**EXERCISE AIM**
What follows is a listing to transcribe exactly, leaving the pictures out.

**DATA PROVIDED**
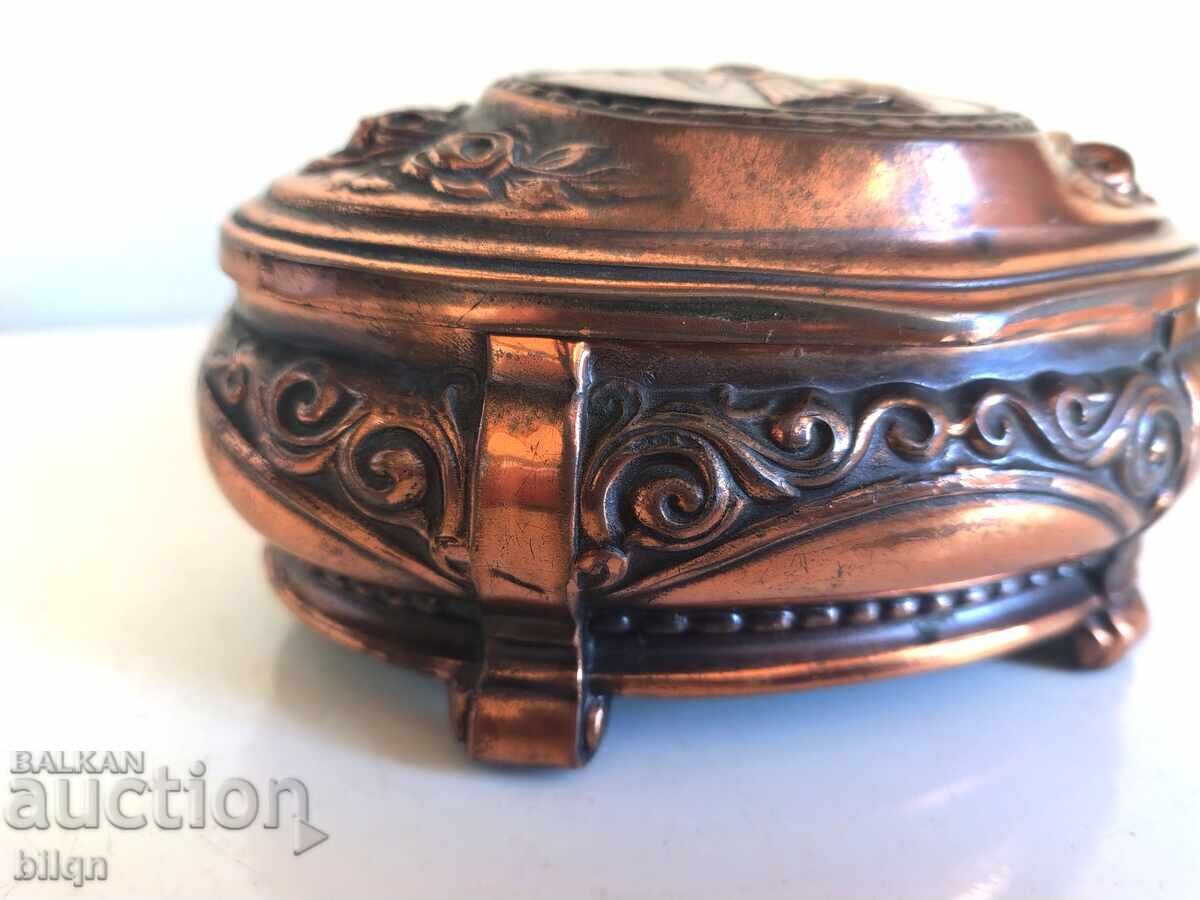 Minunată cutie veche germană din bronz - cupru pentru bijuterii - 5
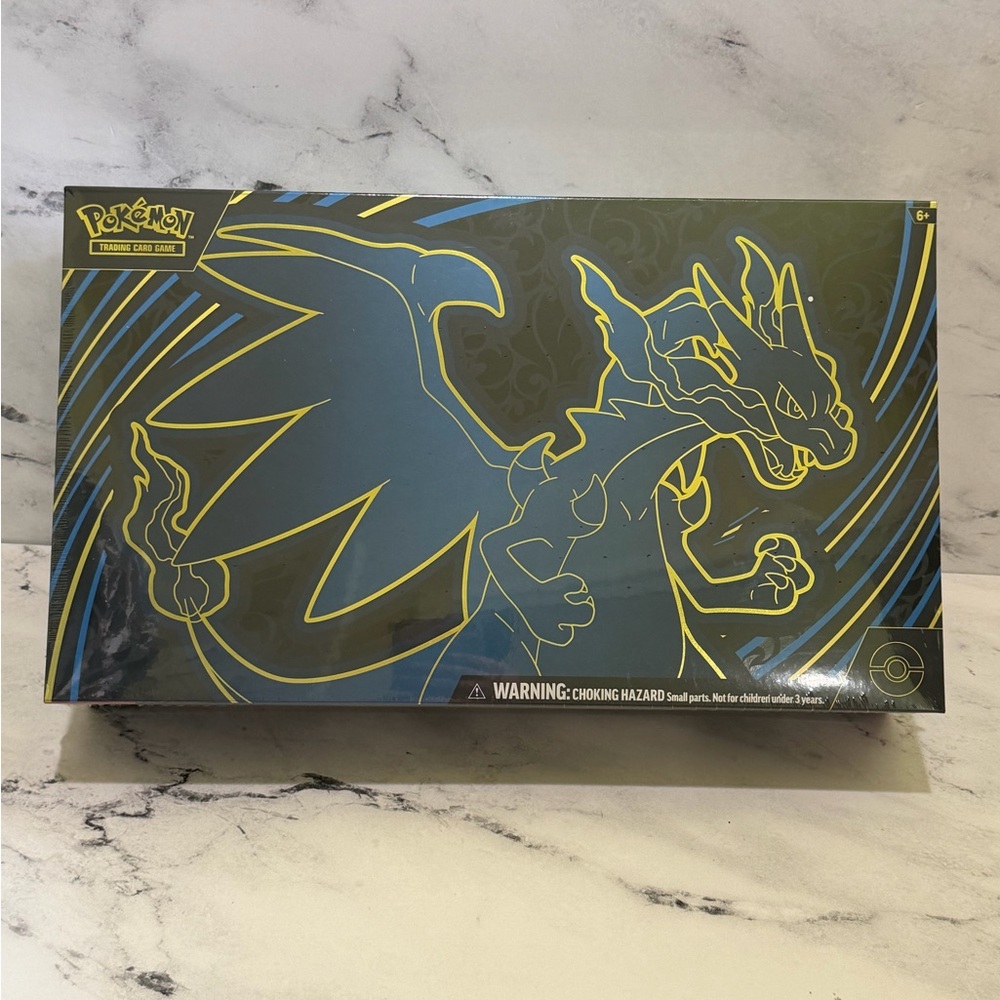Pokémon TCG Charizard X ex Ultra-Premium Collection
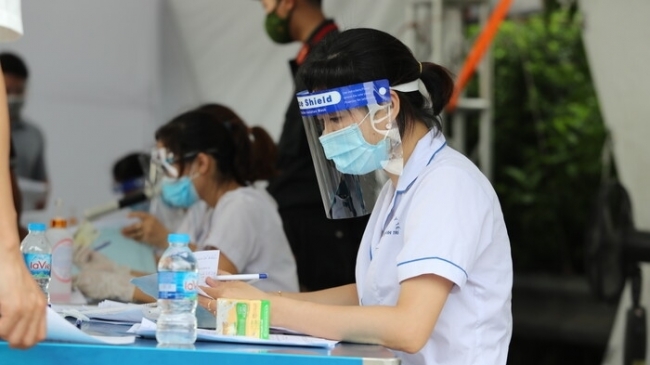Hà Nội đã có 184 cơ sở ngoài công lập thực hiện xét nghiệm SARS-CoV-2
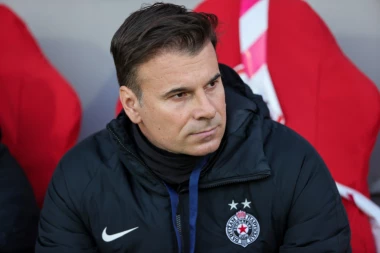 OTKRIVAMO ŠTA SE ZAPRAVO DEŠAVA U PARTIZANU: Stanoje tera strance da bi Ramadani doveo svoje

**EXERCISE RESULT**
 Minunată cutie veche germană din bronz - cupru pentru bijuterii - 5
Pokémon TCG Charizard X ex Ultra-Premium Collection
Hà Nội đã có 184 cơ sở ngoài công lập thực hiện xét nghiệm SARS-CoV-2
 OTKRIVAMO ŠTA SE ZAPRAVO DEŠAVA U PARTIZANU: Stanoje tera strance da bi Ramadani doveo svoje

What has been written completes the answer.